In this guide, you will:
Install the SDK and configure your project
Define feature entities and feature views
Write data to the offline store and publish it to the online store
Retrieve online features and define a feature selector
Create a training dataset and export it for model training
Prerequisites
Before you begin, make sure you have:
Obtained the AccessKey ID and AccessKey Secret for your Alibaba Cloud account
Configured data sources in FeatureStore (both offline and online)
Run the code in this guide on a DSW instance for the best experience.

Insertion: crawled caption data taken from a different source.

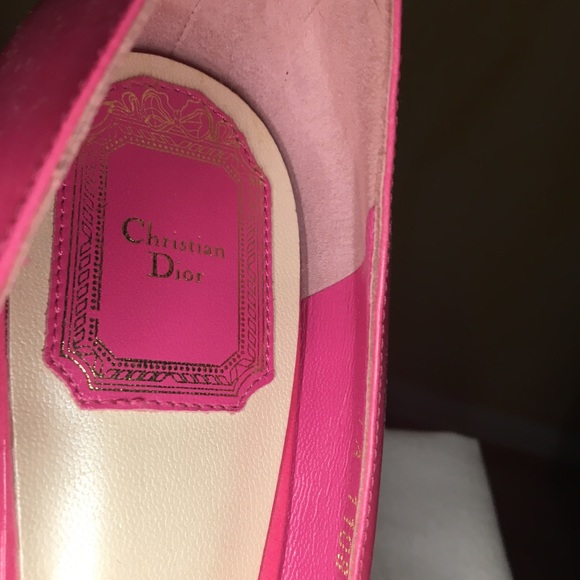 Christian Dior NWT VINTAGE Fuchsia Patent Leather Platform Dior Logo Heels 💕 - Picture 10 of 14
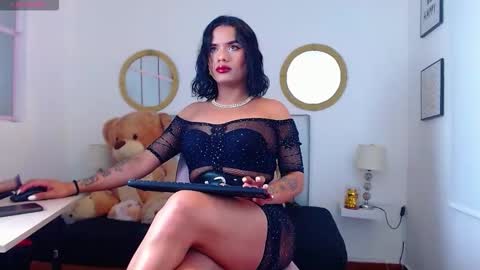 zoe_hecate online show from October 21, 2025, 2:23 am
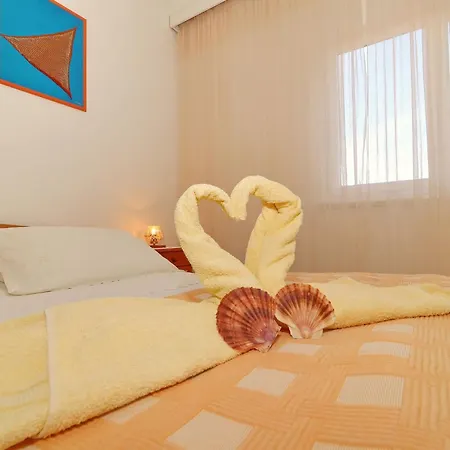 Apartment Marijana - Two Bedroom With Terrace And Sea View Marijana 1 *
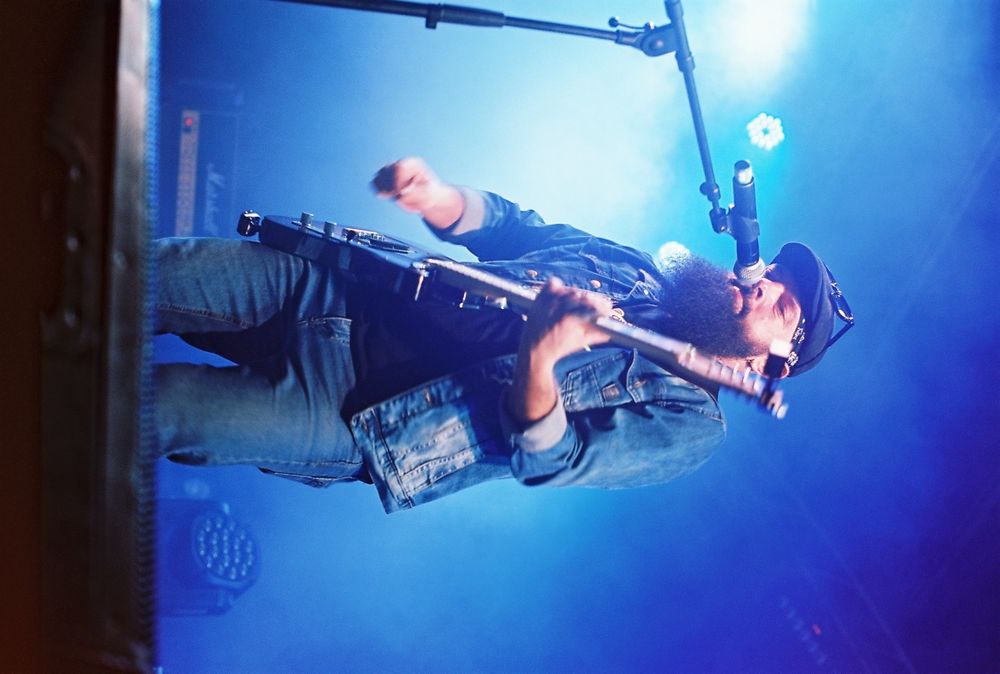 Плівковий фотоапарат Canon A-1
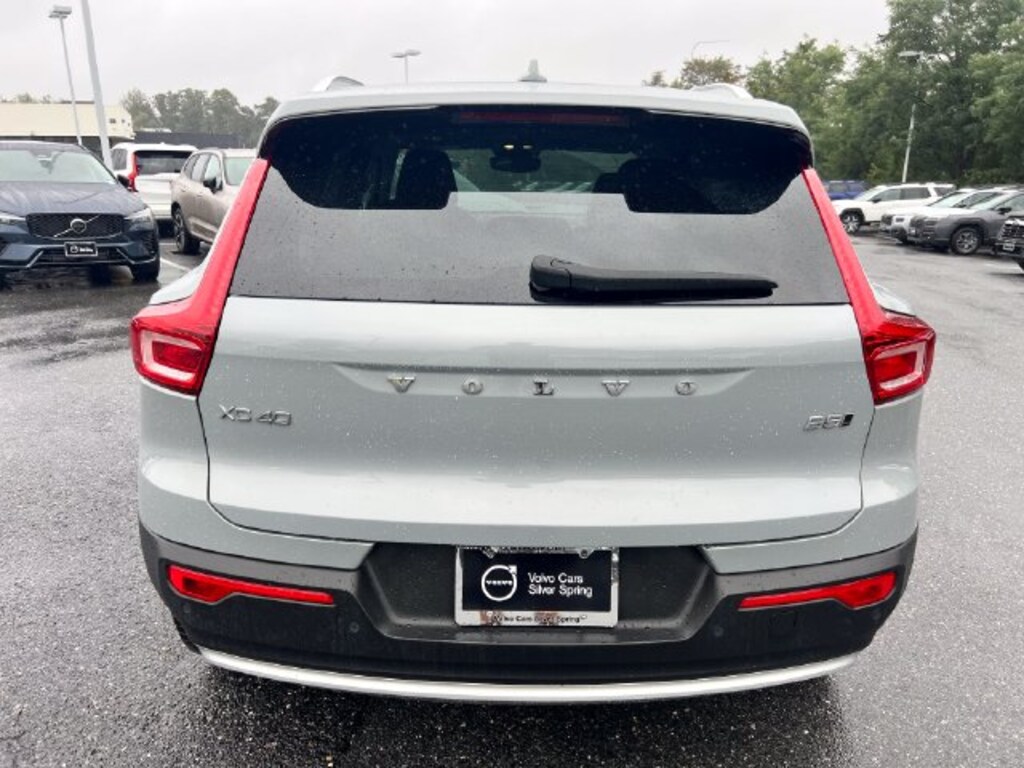Used 2024 Volvo XC40 B5 Plus Bright SUV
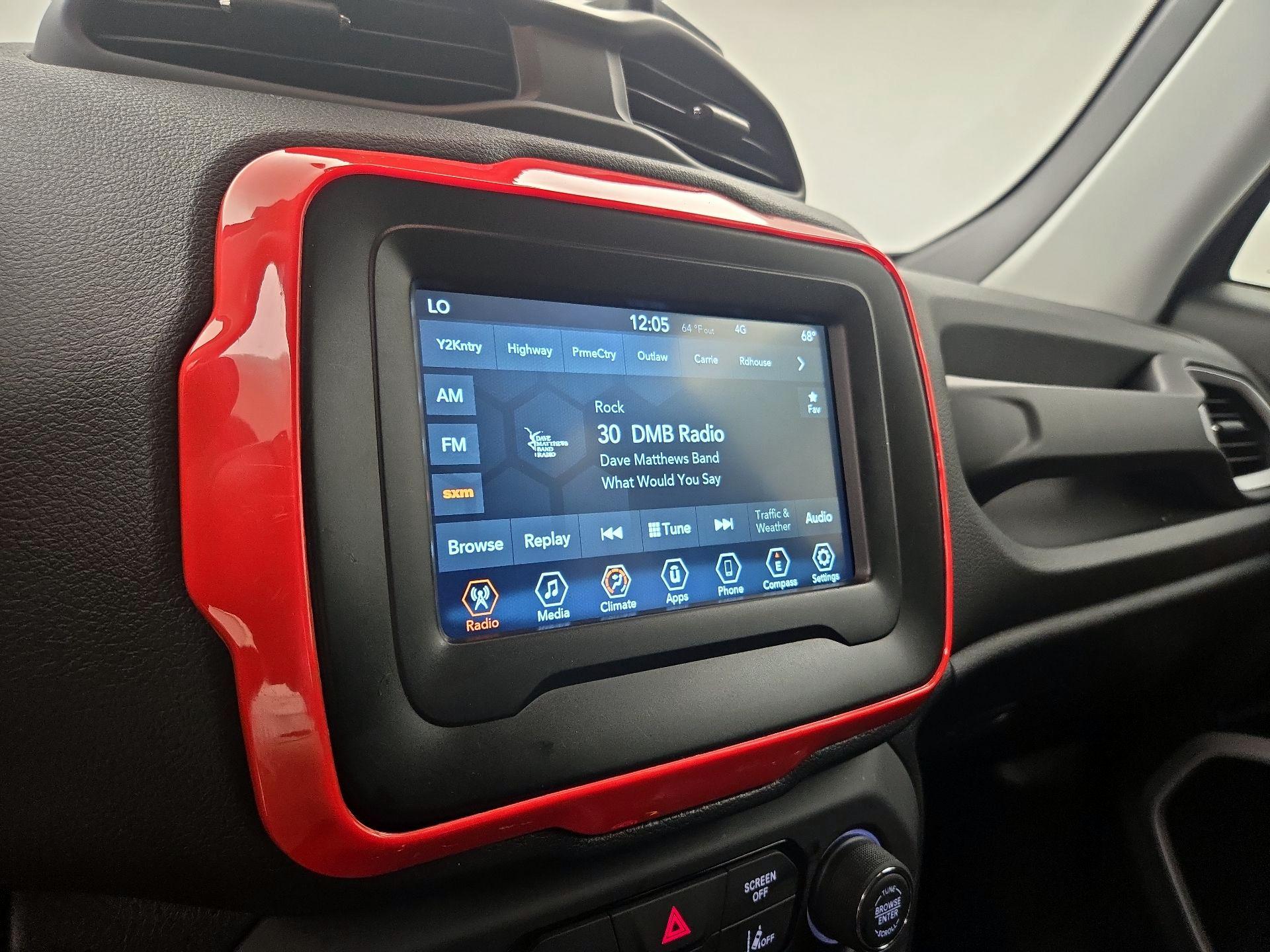 Thumbnail: 2021 Jeep Renegade - 15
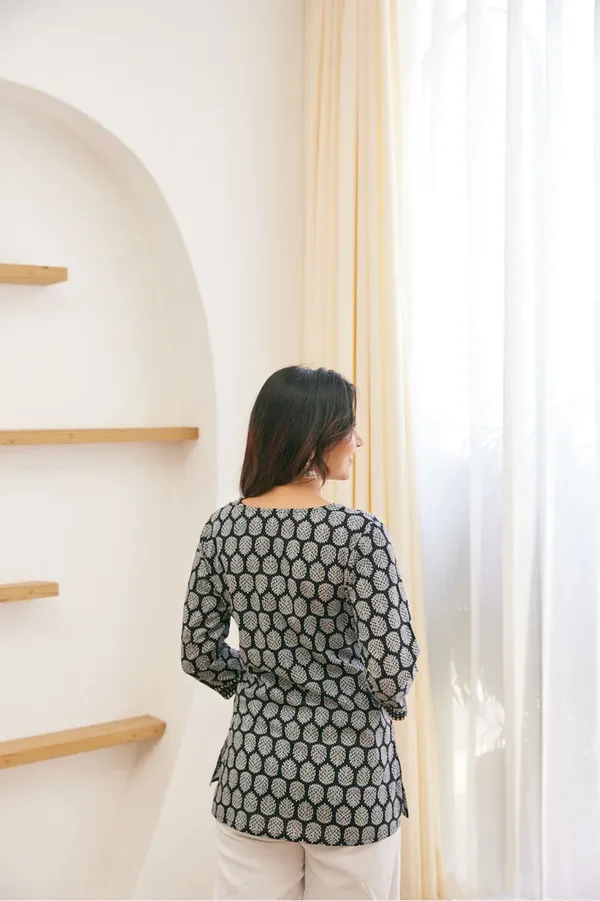 Hbkart_Casual_Printed_Women_Black_Top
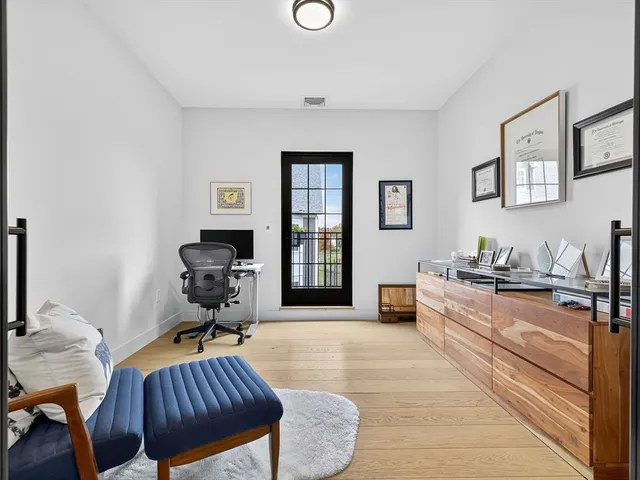 $929,000 | 4 Payne Street, Unit 5, Boston, MA 02122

Step 1: Install the SDK and configure your project
Install the SDK
Run the following command in a Python 3 environment:
pip install https://feature-store-py.oss-cn-beijing.aliyuncs.com/package/feature_store_py-1.3.1-py3-none-any.whlSet environment variables
Store your credentials as environment variables to avoid hardcoding sensitive information. In your DSW Notebook, click Terminal from the top menu bar, then run:
echo "export AccessKeyID='<your-access-key-id>'" >> ~/.bashrc
echo "export AccessKeySecret='<your-access-key-secret>'" >> ~/.bashrc
source ~/.bashrcReplace <your-access-key-id> and <your-access-key-secret> with your actual AccessKey ID and AccessKey Secret.
Import modules
import unittest
import sys
import os
from os.path import dirname, join, abspath
from feature_store_py.fs_client import FeatureStoreClient
from feature_store_py.fs_project import FeatureStoreProject
from feature_store_py.fs_datasource import UrlDataSource, MaxComputeDataSource, DatahubDataSource, HologresDataSource, SparkDataSource, LabelInput, TrainingSetOutput
from feature_store_py.fs_type import FSTYPE
from feature_store_py.fs_schema import OpenSchema, OpenField
from feature_store_py.fs_feature_view import FeatureView
from feature_store_py.fs_features import FeatureSelector
from feature_store_py.fs_config import EASDeployConfig, LabelInputConfig, PartitionConfig, FeatureViewConfig, TrainSetOutputConfig, SequenceFeatureConfig, SequenceTableConfig
import logging
logger = logging.getLogger("foo")
logger.addHandler(logging.StreamHandler(stream=sys.stdout))Connect to a FeatureStore project
Initialize the client and connect to your project. You can create multiple independent projects in FeatureStore. This guide uses a project named fs_movie.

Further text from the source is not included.